Si un manager trouve des réponses éclairantes  à la lecture des éléments composant le dispositif de gestion de l’entreprise, il peut aussi y percevoir une inertie des documents écrits, aux principes parfois impossibles à mettre en œuvre face à une situation complexe, ainsi qu’un problème d’articulation entre les différents outils à sa disposition.

Si les formations interactives en présentiel peuvent œuvrer à l’unification et au caractère opérationnel du discours de l’entreprise, il est nécessaire que celle-ci adopte et affiche une posture claire, justifiable, inclusive, équitable, et cohérente en elle-même (non-discriminante), mais aussi vis-à-vis des autres documents composant le discours RSE de l’entreprise. Le respect de ce principe a régulièrement conduit des entreprises à rejeter l’inscription d’une clause de neutralité permise par la loi travail dans leur règlement intérieur : refuser cette clause maintient une cohérence dans le discours des entreprises ouvertes à la diversité. Cependant, une posture doit également être applicable uniformément sur un même territoire national et suivie d’actes concrets.

Choisir et afficher une posture s’apparente, en interne comme en externe, à une prise de position de l’entreprise, dans certains débats de société clivants. 

Par exemple, si une entreprise considère le port du voile comme un critère de diversité à protéger, et non comme un symbole portant atteinte à l’égalité femmes-hommes, et qu’elle l’exprime dans ses documents internes, à terme cela lui posera la question de la possible visibilité des personnes voilées sur les affiches publicitaires, et dans toutes les strates de l’entreprise. Si elle agit concrètement et de façon tangible en ce sens, elle prendra part à un débat clivant, potentiellement négatif pour son image, mais attractif pour les salariés et prospects favorables ou non-défavorables au port du voile. Si elle se contente d’un discours non suivi de faits, on pourra lui reprocher d’être en contradiction. 

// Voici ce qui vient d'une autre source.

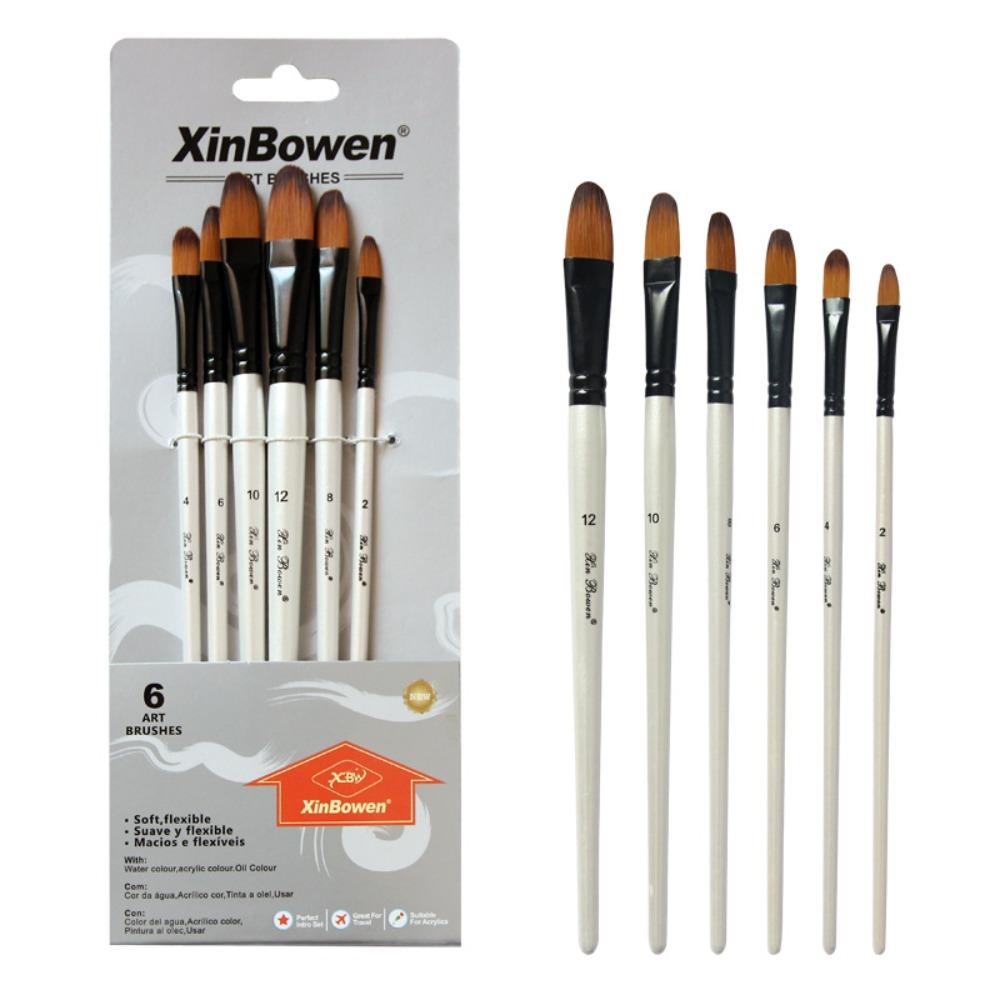 6Pcs/Set Wood Pole Hair Watercolor Brush Pearl White Art Paint Brush Nylon Hair Brush Set Beginners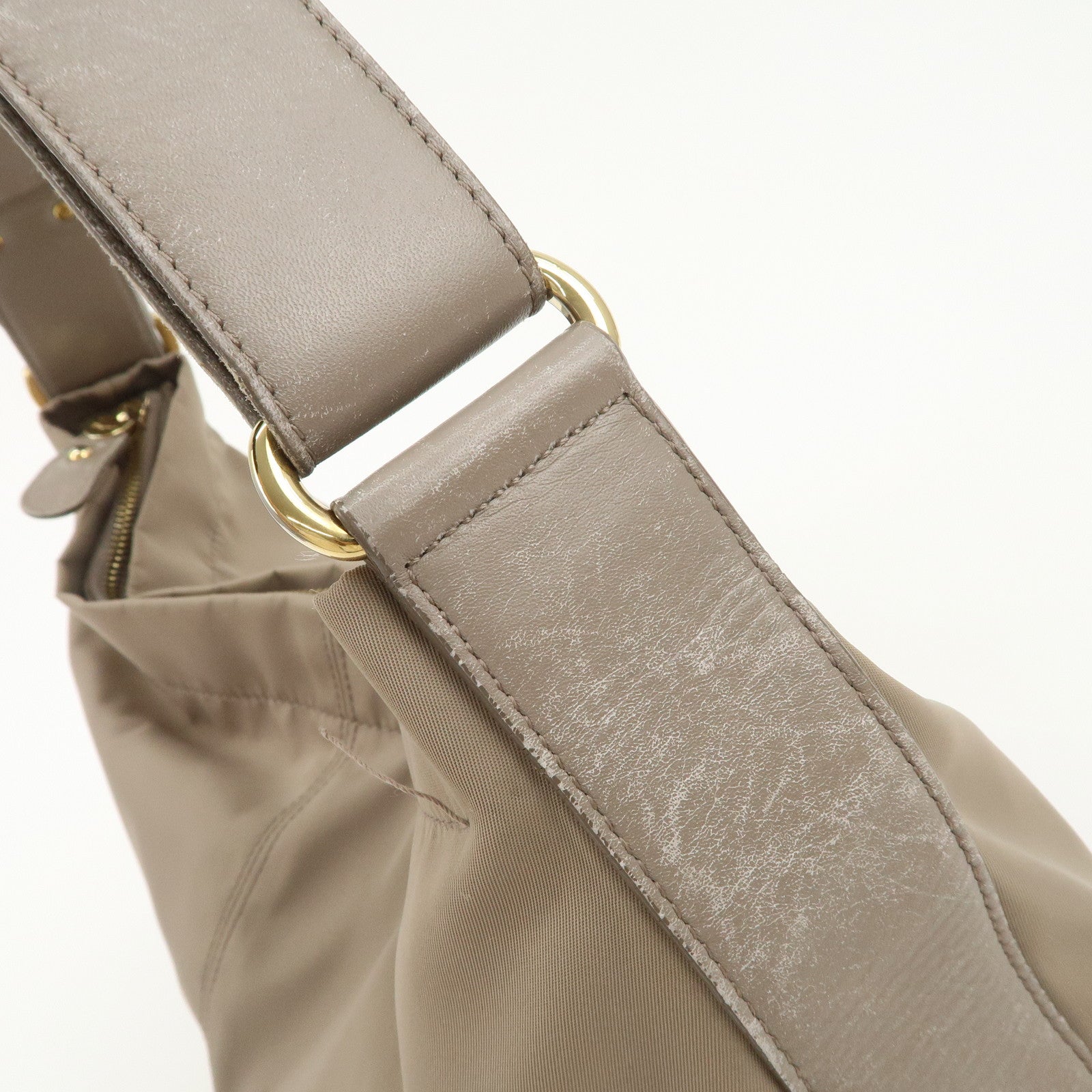 Ferragamo Vara Ribbon Nylon Leather Shoulder Bag Hand Bag Gray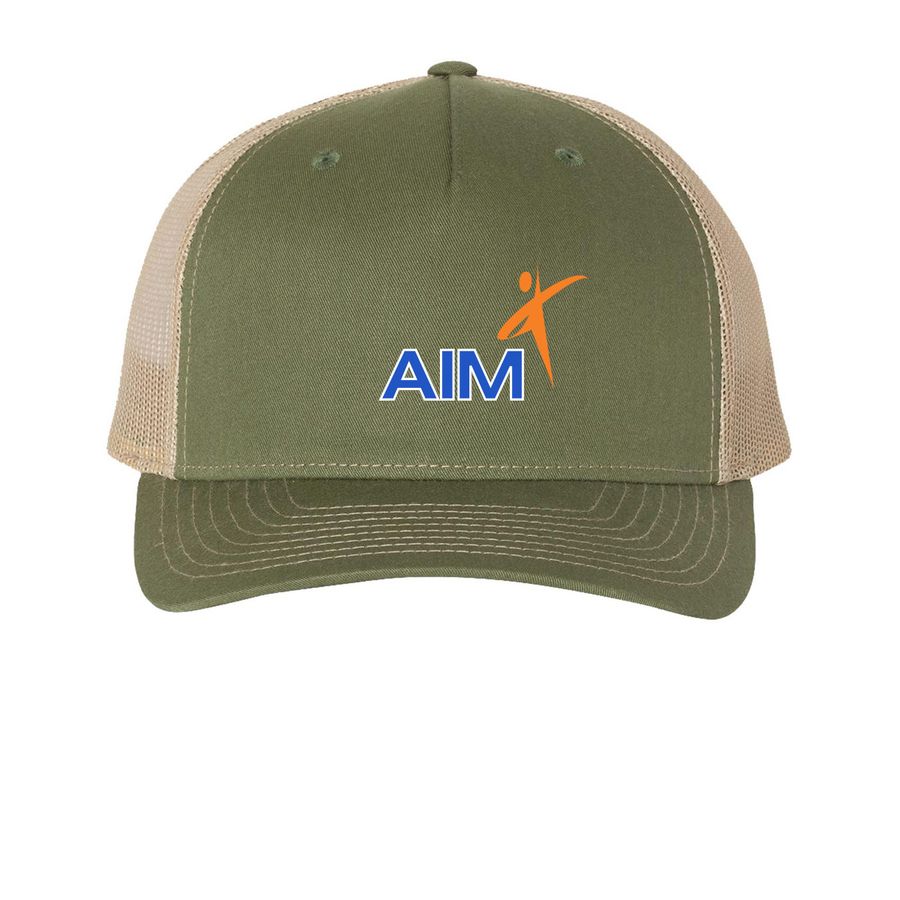 AIM Trucker Hat, a Army Olive Green/ Tan Printed Five-Panel Trucker Cap
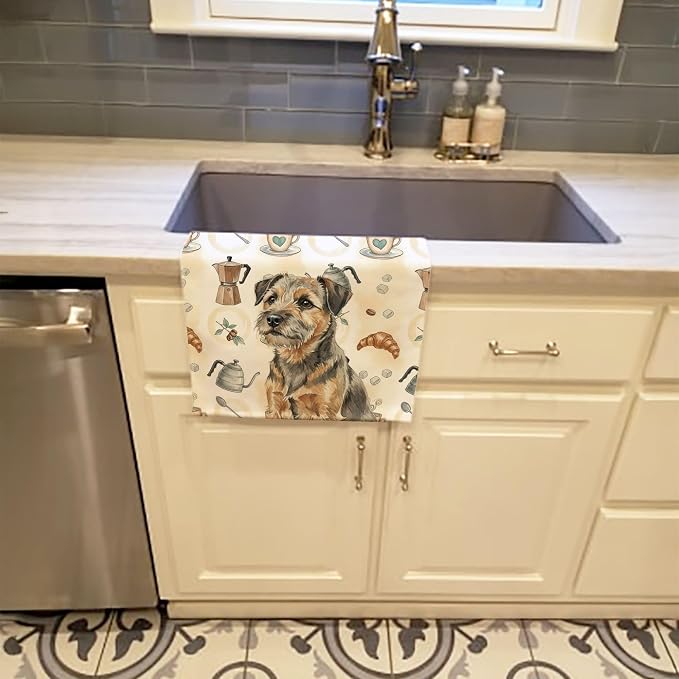Caroline's Treasures Grizzle and Tan Border Terrier Coffee Bar Kitchen Towel - Image 2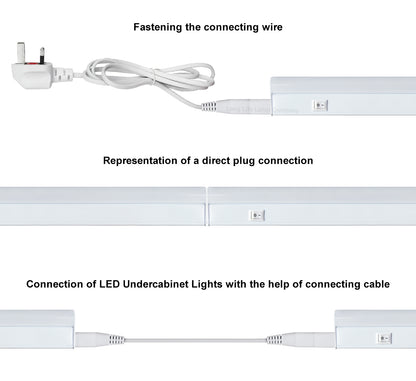 3 Pack 24W LED T5 Under Cabinet Light 6000K Cool White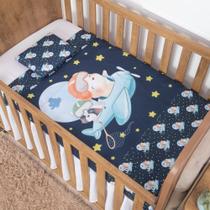 Jogo de Lençol para Berço Urso Aviador Marinho 3 Peças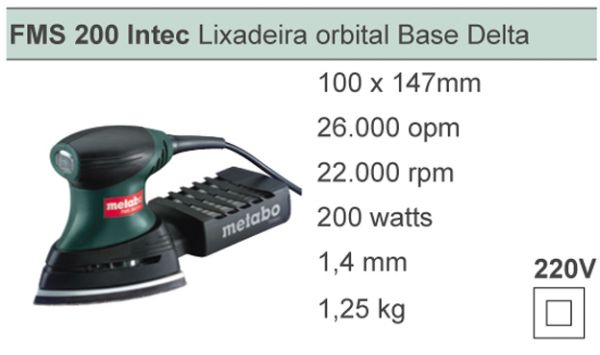 FMS 200 Intec - Lixadeira Orbital Base Delta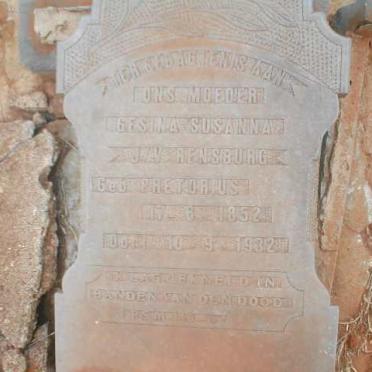 RENSBURG Gesina Susanna, J.V. geb. PRETORIUS 1852-1932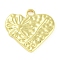 304 Stainless Steel Pendants, Heart with Flower Charm, Real 18K Gold Plated, 18.5x20x2mm, Hole: 2.4mm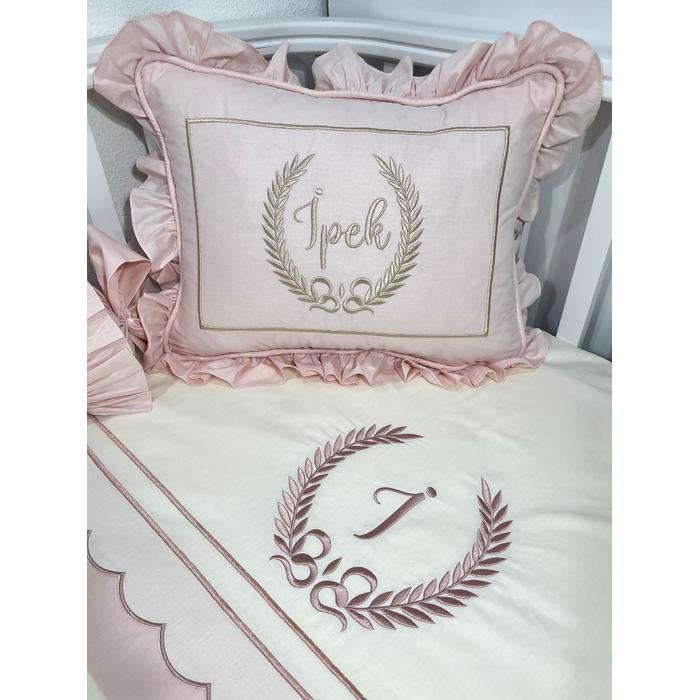 Nevresim takımı 5 parça krem ve pudra poplin 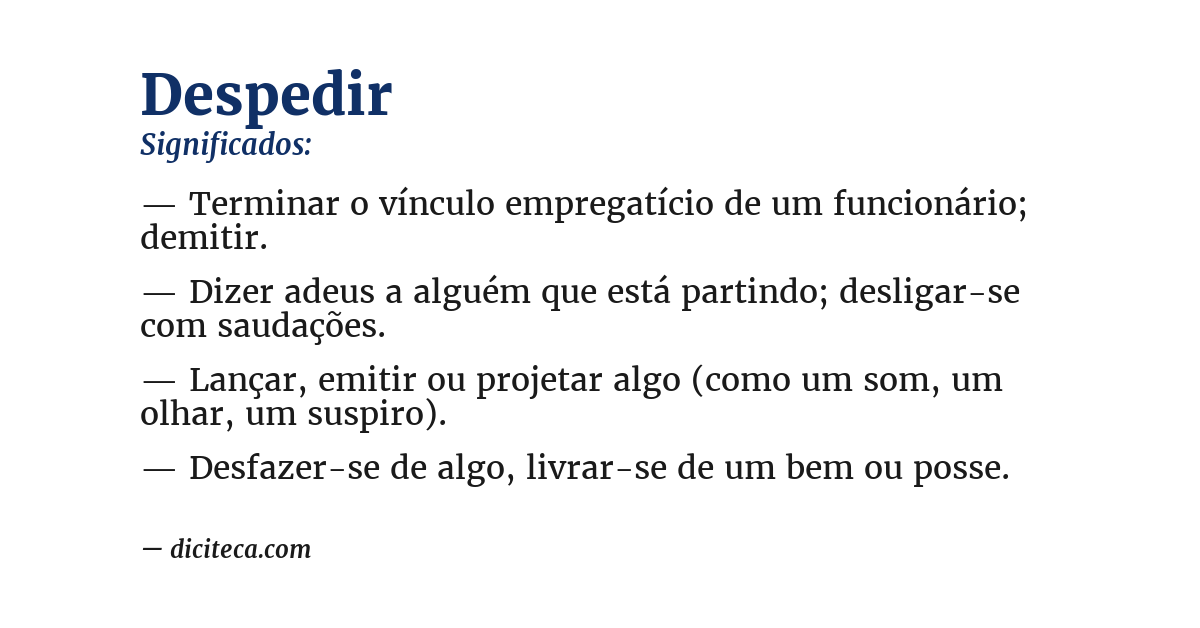 Significado de despedir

L’important est la cohérence de sa position générale : il serait alors plus aisé pour les managers de s’appuyer dessus et de la défendre, face à des situations complexes. Au-delà, il paraît essentiel que la posture de l’entreprise intègre les règlements intérieurs, ce afin de formaliser une frontière légale indiscutable, entre ce qui est acceptable et ce qui ne l’est pas, tant dans l’expression religieuse des salariés que dans l’action des managers.